The Philippine team competed on January 25 at the Coupe du Monde de la Patisserie (World Pastry Cup) in Lyon, France.
Philippine supporters were in high spirits at the VIP hall where the competition was held, and the host even commented, “The Philippines always has the best team spirit.”
Competing for the Philippine Pastry Alliance were Rizalino Mañas, Vicente Cahatol and Brian Dimayuga. Team President is Chef Buddy Trinidad and Vice President is Chef James Antolin.
The theme of the competition was Life Cycle so the Philippine team, which also had Pastry Alliance Vice President James Antolin, Penk Ching, Jackie Ang Po, Peachy Juban, Dan Basilio and Miko Aspiras as coaches, conceptualized a unified theme that included a hunter and “the hunted”.
The rules required them to present a chocolate showpiece, a sugar showpiece, one carving piece, a chocolate cake, a plated dessert, and a chocolate block carving. The Philippine team proudly put Philippine touches on their creations and entitled the entire showcase “Siklo” for ‘cycle of life’.
The chocolate showpiece is a beautiful female hunter. Looking at it closely you would think it was a narra carving! Props to Chef Bryan Dimayuga on this elaborate, intricate piece.
For the sugar showpiece, Chef Rizalino Mañas portrayed the Philippine spotted deer. This deer was glowing and was a favourite for photos of the international press.
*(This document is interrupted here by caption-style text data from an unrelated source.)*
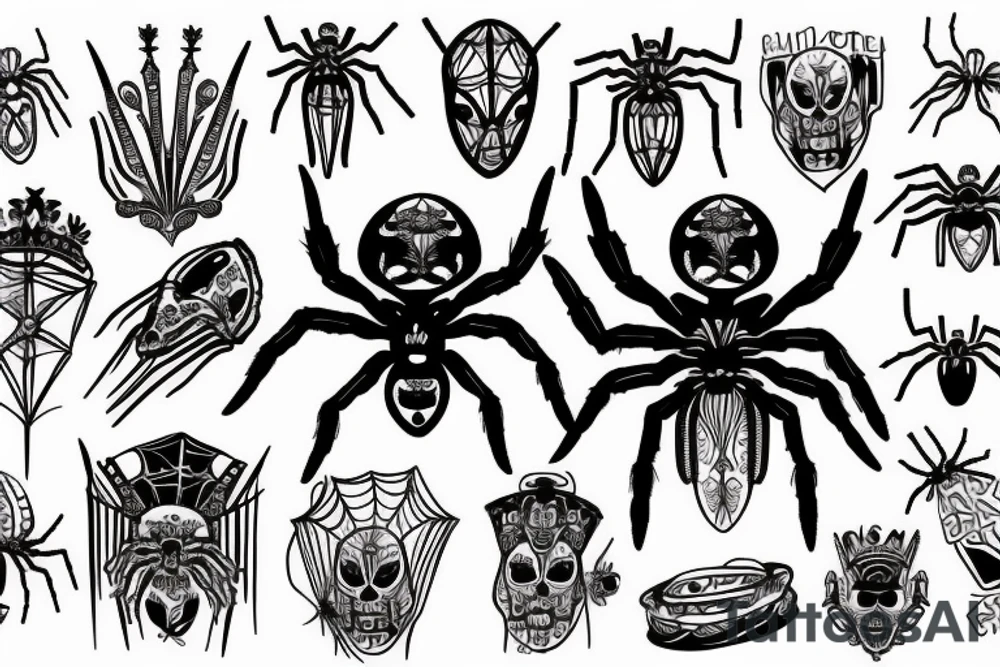 Spider with Roman crown tattoo idea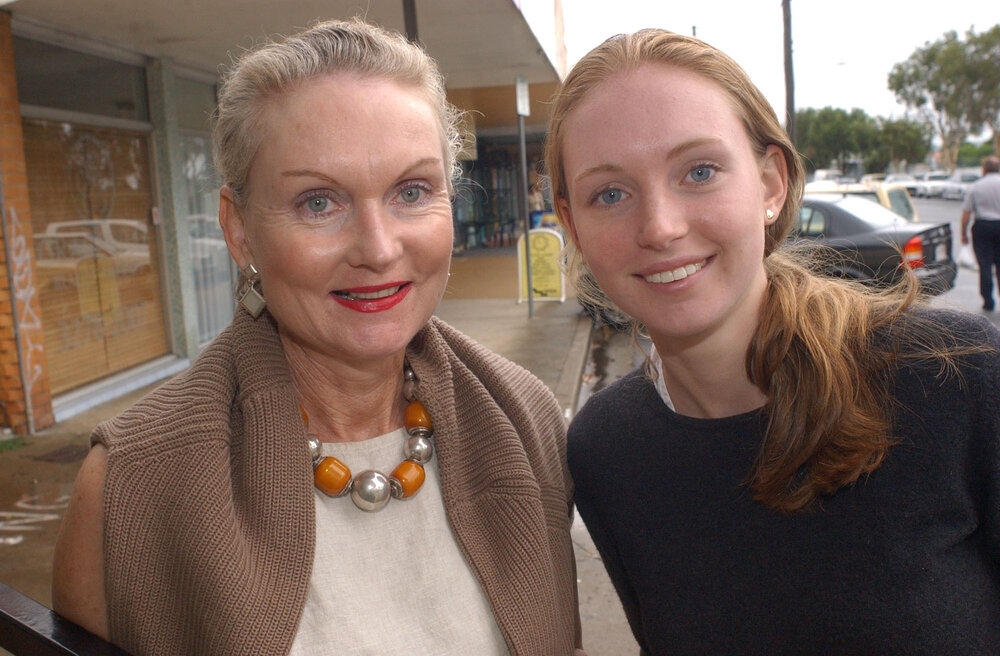 Mary-Louise and Charlotte Churchill shopping, Corinda, February 2003
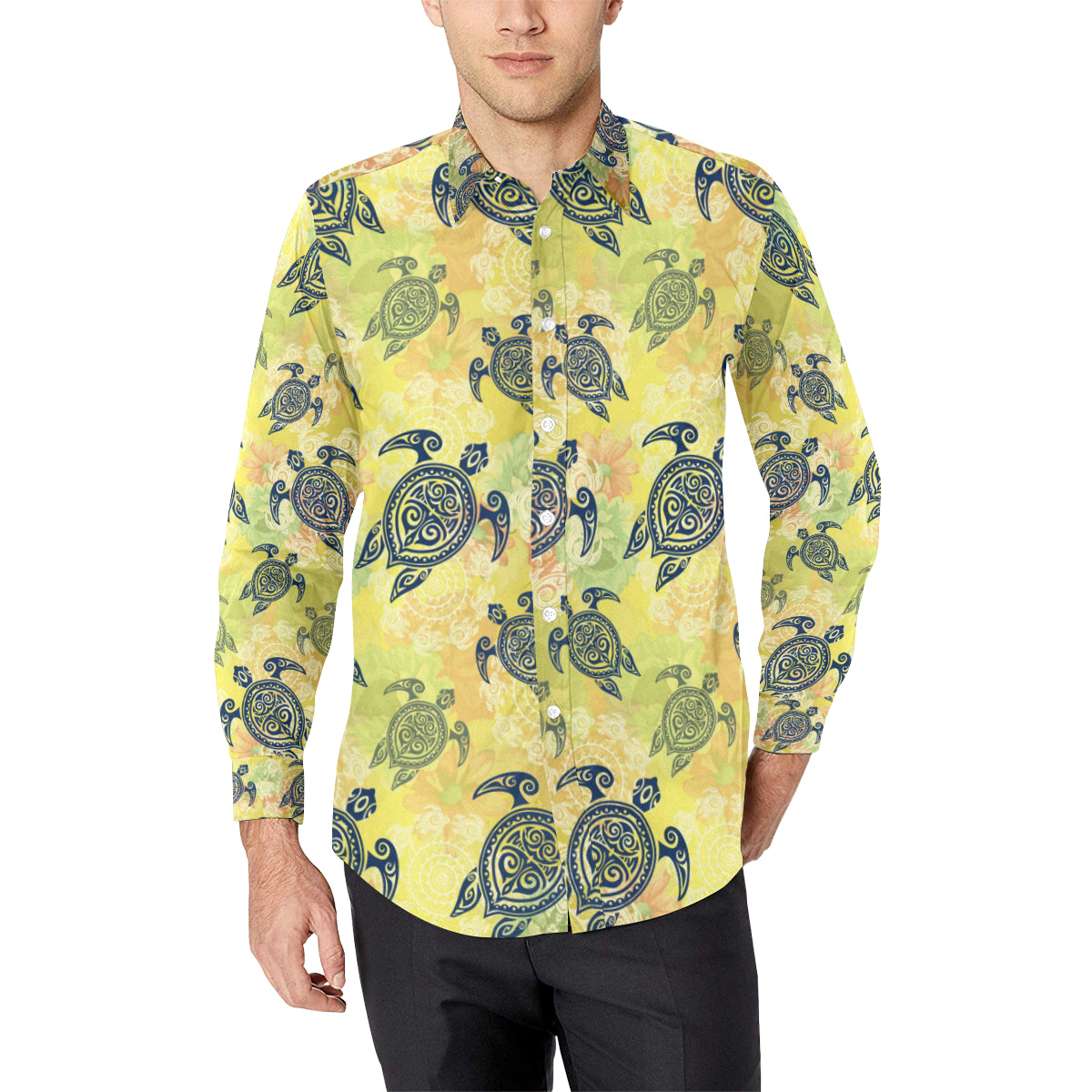 Hawaiian Turtle Tribal Design Print Men's Long Sleeve Shirt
The chocolate block carving was a new category. Each team was given a 10-kilo block of Valrhona chocolate to carve. Other teams chopped up the 10 kilos. But Chef Vicente Cahatol took this as a challenge to showcase his carving expertise and did not chop the block at all. Instead, he created this beautiful carving of the bayawak. Doesn’t it look like a wood carving? Look at the details, down to the scales.
During the awarding, the Philippines was given a special mention by the representative of Valrhona chocolate. It was also Chef Vicente Cahatol who created the ice sculpture that won Best Ice Sculpture for the Philippine team.
Proud to say that our contestants gave a good show. This is already impressive as this is the first time that the Philippines competed in this global competition.
We were just in the audience with proud supporters of the Philippine time like Paris- based Vice Consul Rapunzel Acop and culinary innovations guru Dennis Hipolito. Yet we felt so much pride! Congratulations to the Philippine Pastry Alliance! We are so proud of you, Philippine team!!!